__Exercise__.
Look below for the line with "Climbing on Mt." and the line with "Dorset 3 Piece"; repeat exactly those two lines and all lines between them, but no pictures.

__The data__.
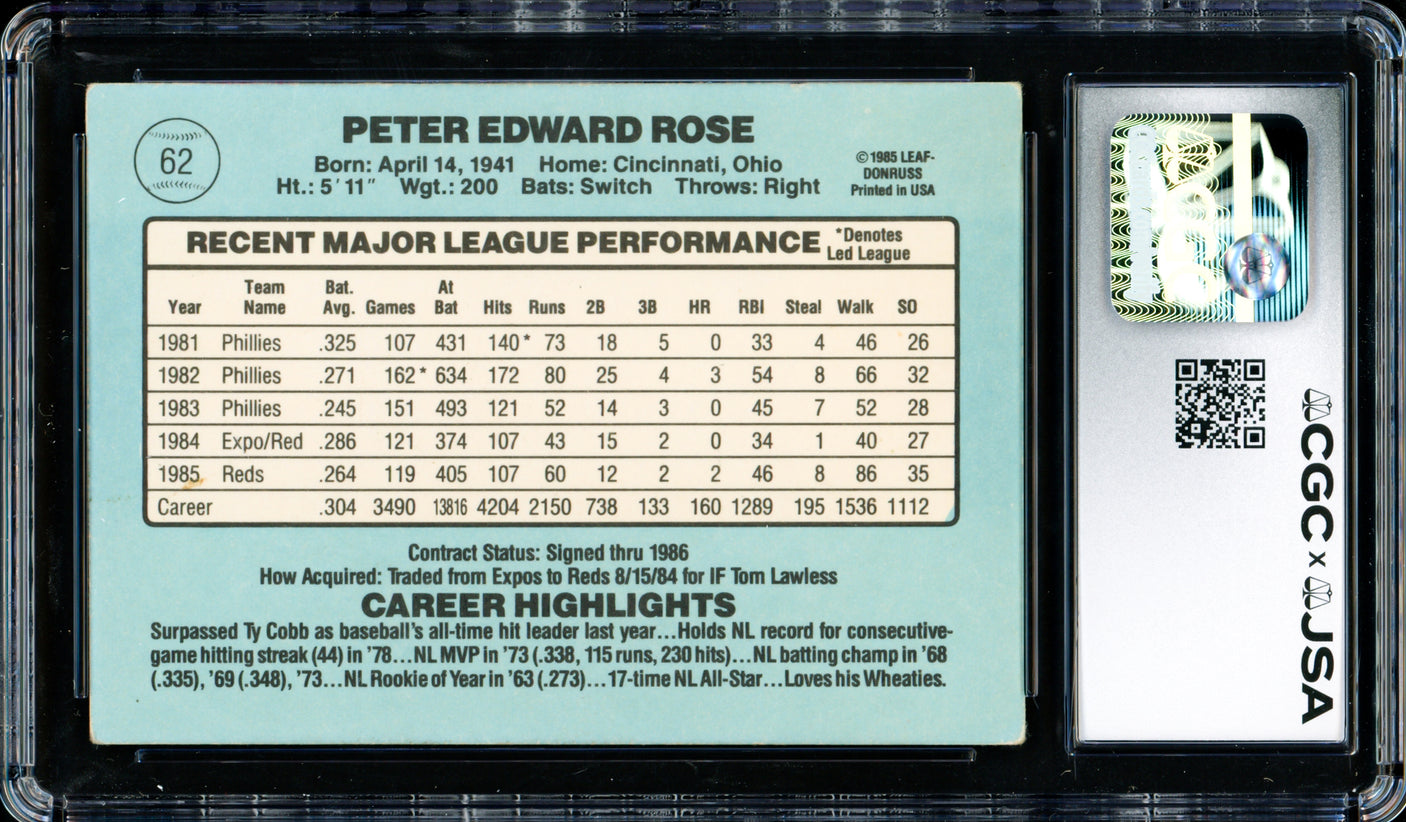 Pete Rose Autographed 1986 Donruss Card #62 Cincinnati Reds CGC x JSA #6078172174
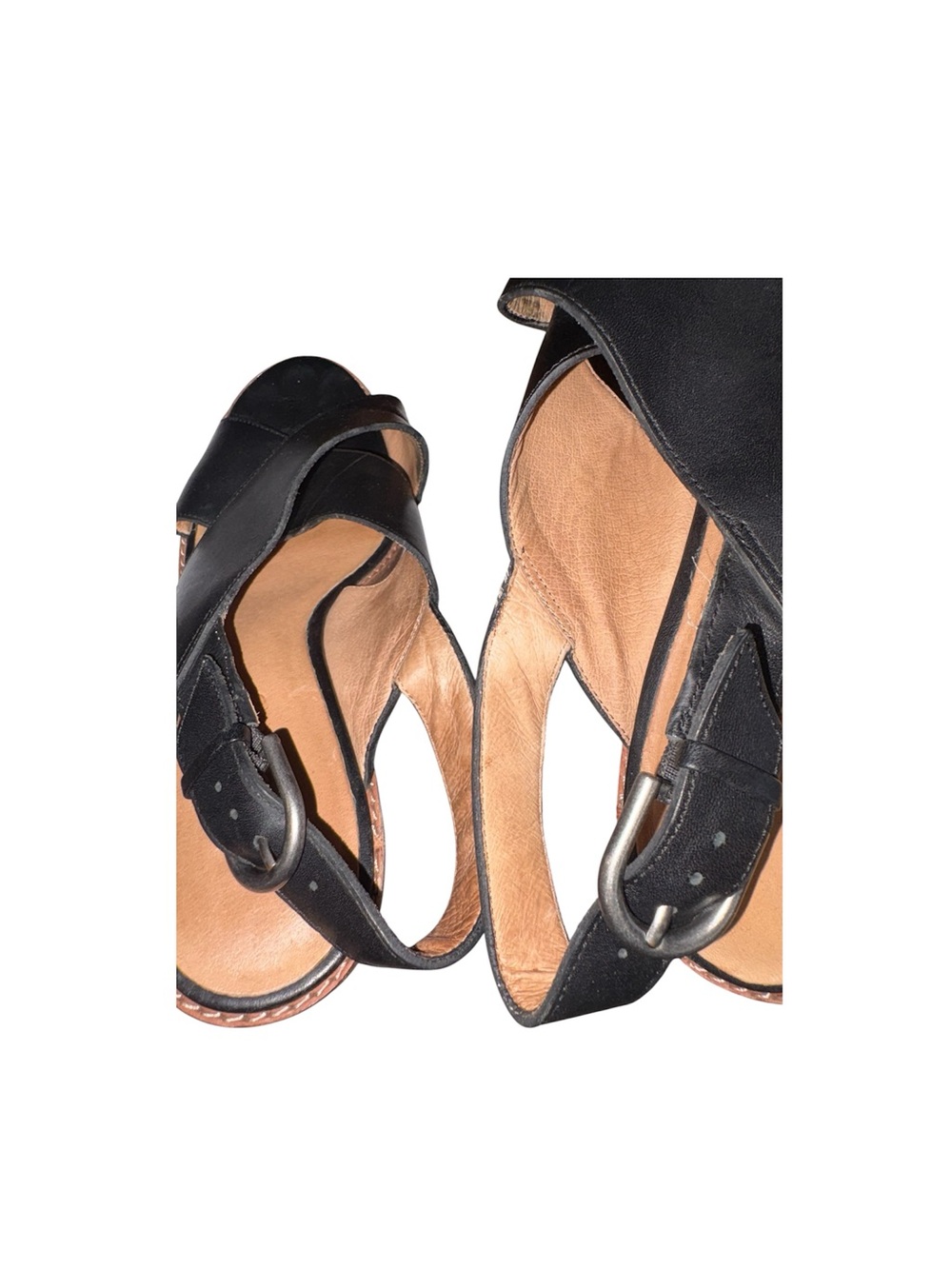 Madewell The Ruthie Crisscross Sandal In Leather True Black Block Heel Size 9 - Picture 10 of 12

---

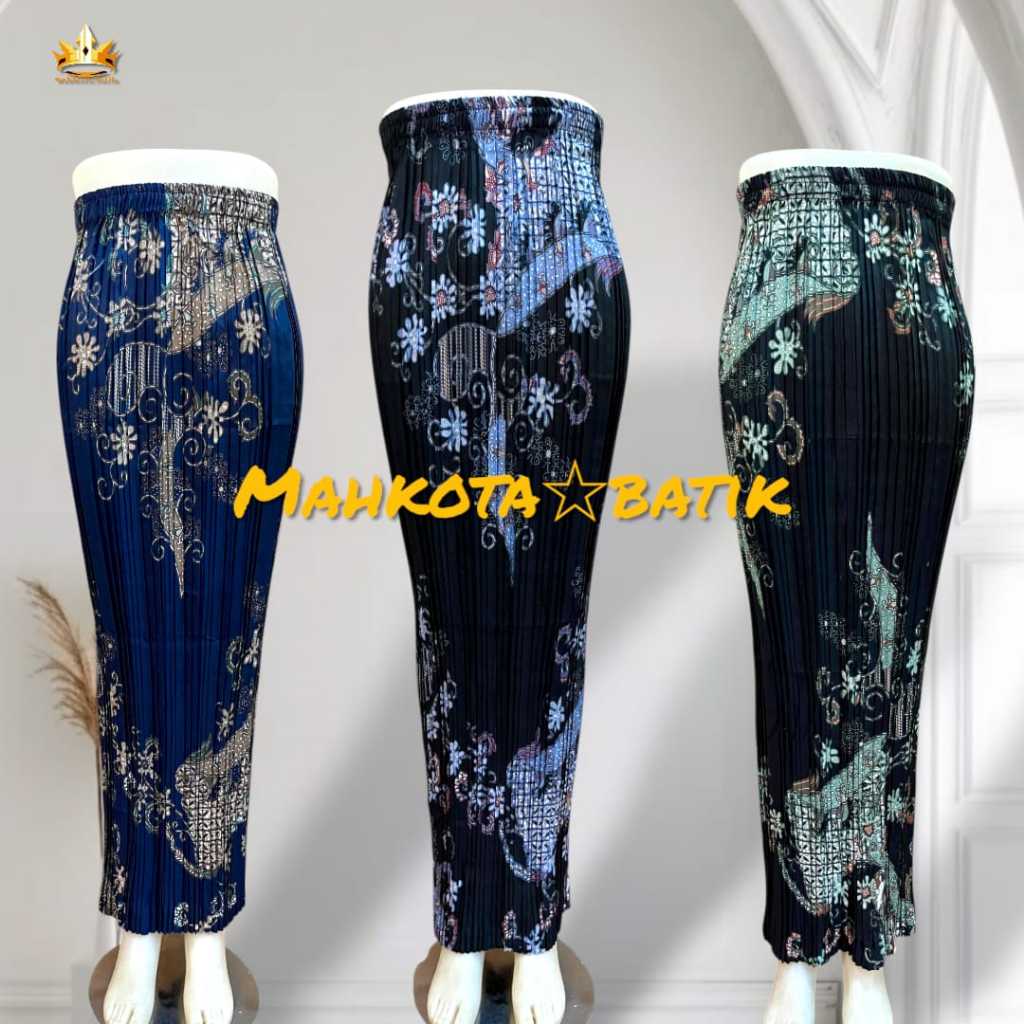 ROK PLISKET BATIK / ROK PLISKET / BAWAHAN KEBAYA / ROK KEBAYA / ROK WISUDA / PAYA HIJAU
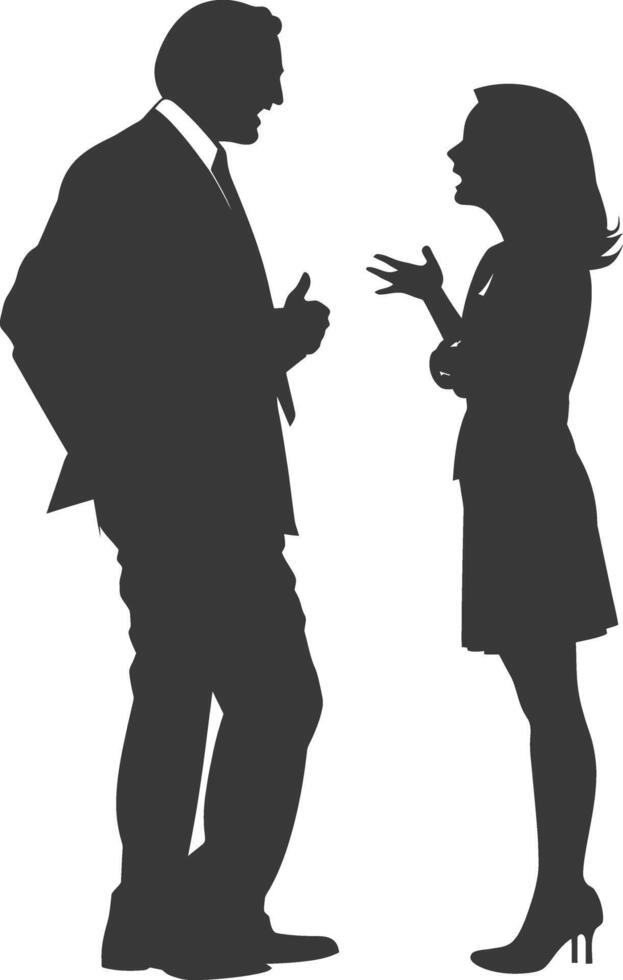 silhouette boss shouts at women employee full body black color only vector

...

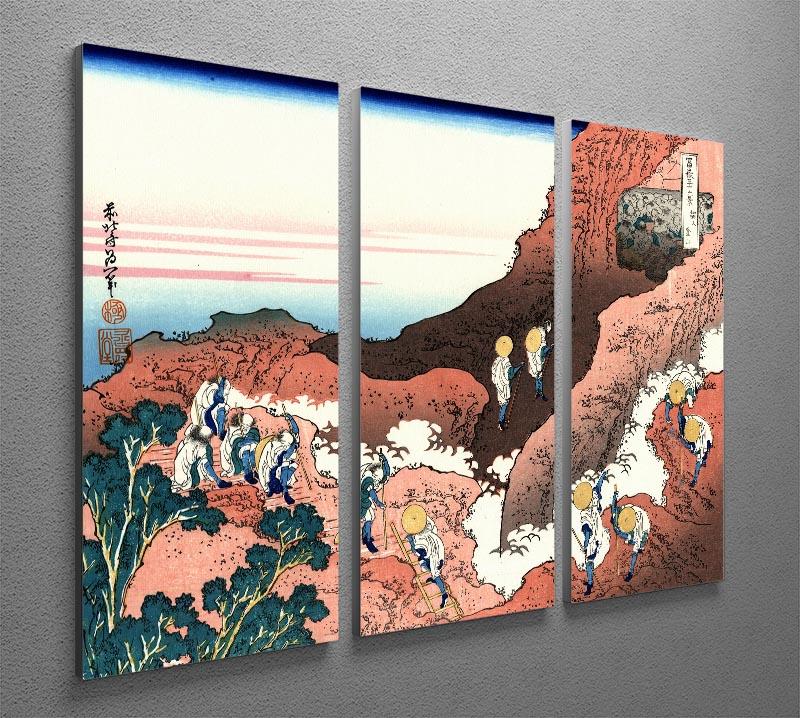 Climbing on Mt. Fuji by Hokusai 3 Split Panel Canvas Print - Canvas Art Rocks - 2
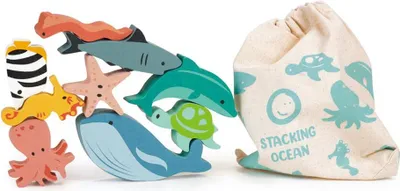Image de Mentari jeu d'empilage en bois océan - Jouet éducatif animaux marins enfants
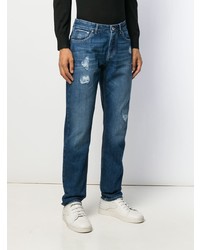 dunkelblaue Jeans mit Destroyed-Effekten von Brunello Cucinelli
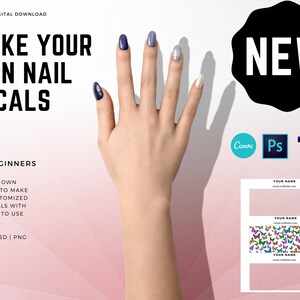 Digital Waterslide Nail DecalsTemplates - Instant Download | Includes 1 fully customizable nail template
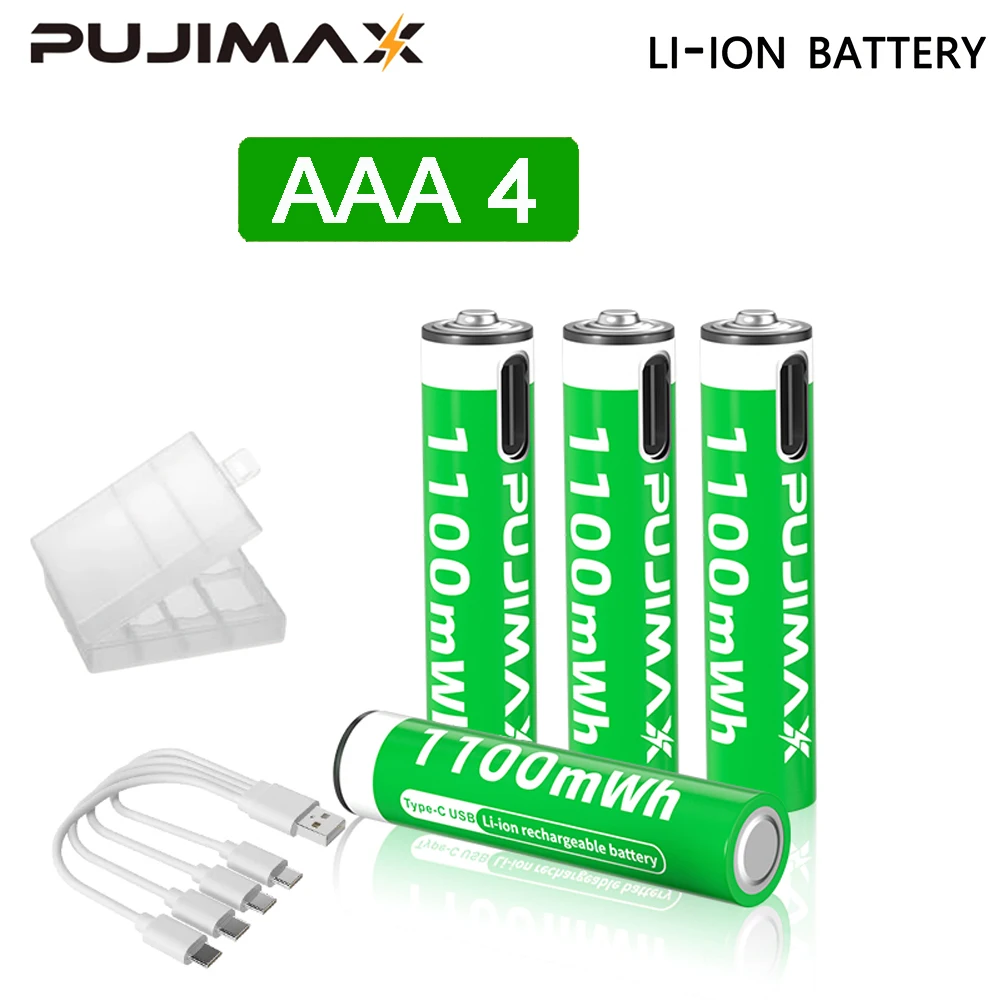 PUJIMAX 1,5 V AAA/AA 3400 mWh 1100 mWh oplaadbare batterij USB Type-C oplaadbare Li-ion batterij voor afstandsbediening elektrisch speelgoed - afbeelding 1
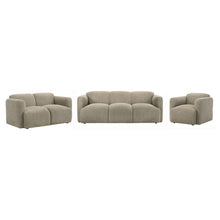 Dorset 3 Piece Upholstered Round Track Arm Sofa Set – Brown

__Solution below__.
 Climbing on Mt. Fuji by Hokusai 3 Split Panel Canvas Print - Canvas Art Rocks - 2
Image de Mentari jeu d'empilage en bois océan - Jouet éducatif animaux marins enfants
 dunkelblaue Jeans mit Destroyed-Effekten von Brunello Cucinelli
 Digital Waterslide Nail DecalsTemplates - Instant Download | Includes 1 fully customizable nail template
 PUJIMAX 1,5 V AAA/AA 3400 mWh 1100 mWh oplaadbare batterij USB Type-C oplaadbare Li-ion batterij voor afstandsbediening elektrisch speelgoed - afbeelding 1
 Dorset 3 Piece Upholstered Round Track Arm Sofa Set – Brown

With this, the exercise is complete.